◆ Supplied information

··········

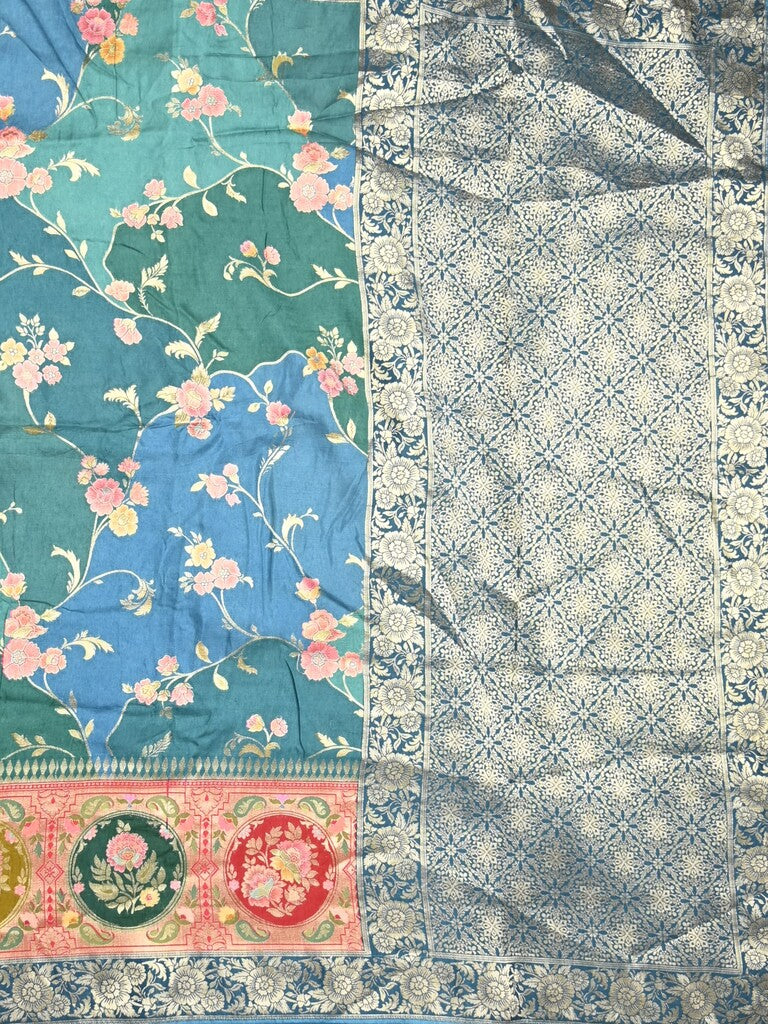 Dola silk fancy saree multi color allover weaves & zari border with rich pallu and attached plain blouse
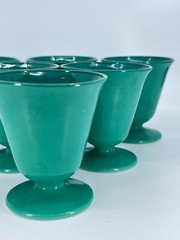 Set of 6 Hazel Atlas SIERRA OVIDE PLATONITE Turquoise 6oz Tumblers Sherbet VTG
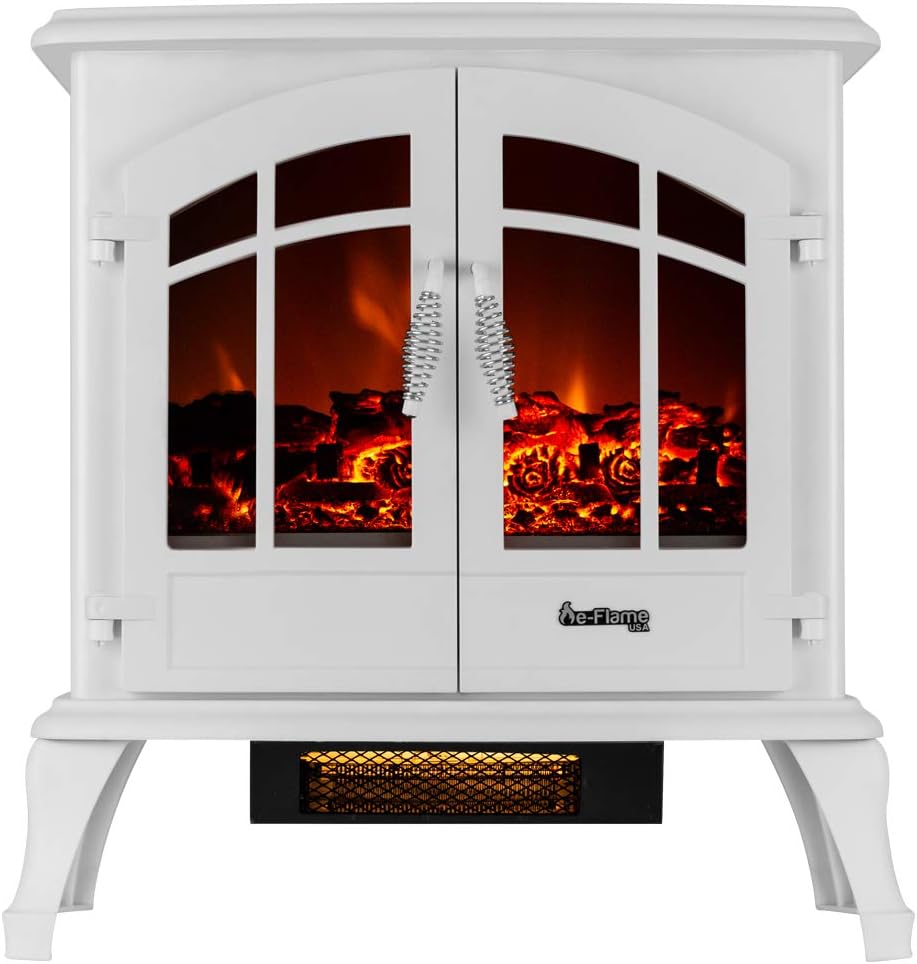 Jasper Freestanding Electric Fireplace Stove Heater - Realistic 3-D Log and Fire Effect (White)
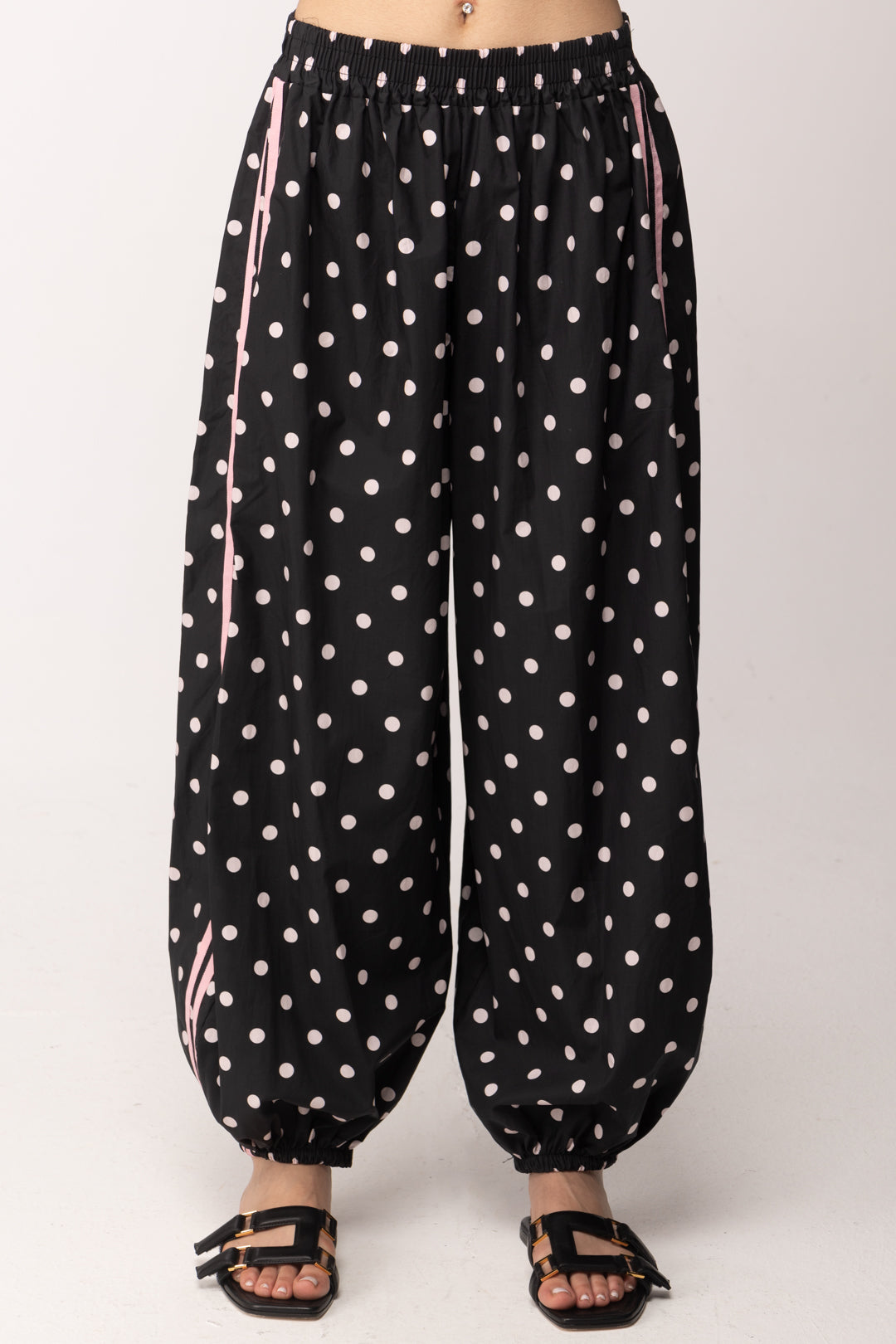 Khloe Femme Pantaloni Jogging In Cotone con Pois 26096 NERO/FUXIA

··········

◆ Assignment
Please write out, word for word, each line from the one with "Set of 6 Hazel" to the last line of the data, keeping both ends and omitting pictures.

◆ Written response
 Set of 6 Hazel Atlas SIERRA OVIDE PLATONITE Turquoise 6oz Tumblers Sherbet VTG
 Jasper Freestanding Electric Fireplace Stove Heater - Realistic 3-D Log and Fire Effect (White)
 Khloe Femme Pantaloni Jogging In Cotone con Pois 26096 NERO/FUXIA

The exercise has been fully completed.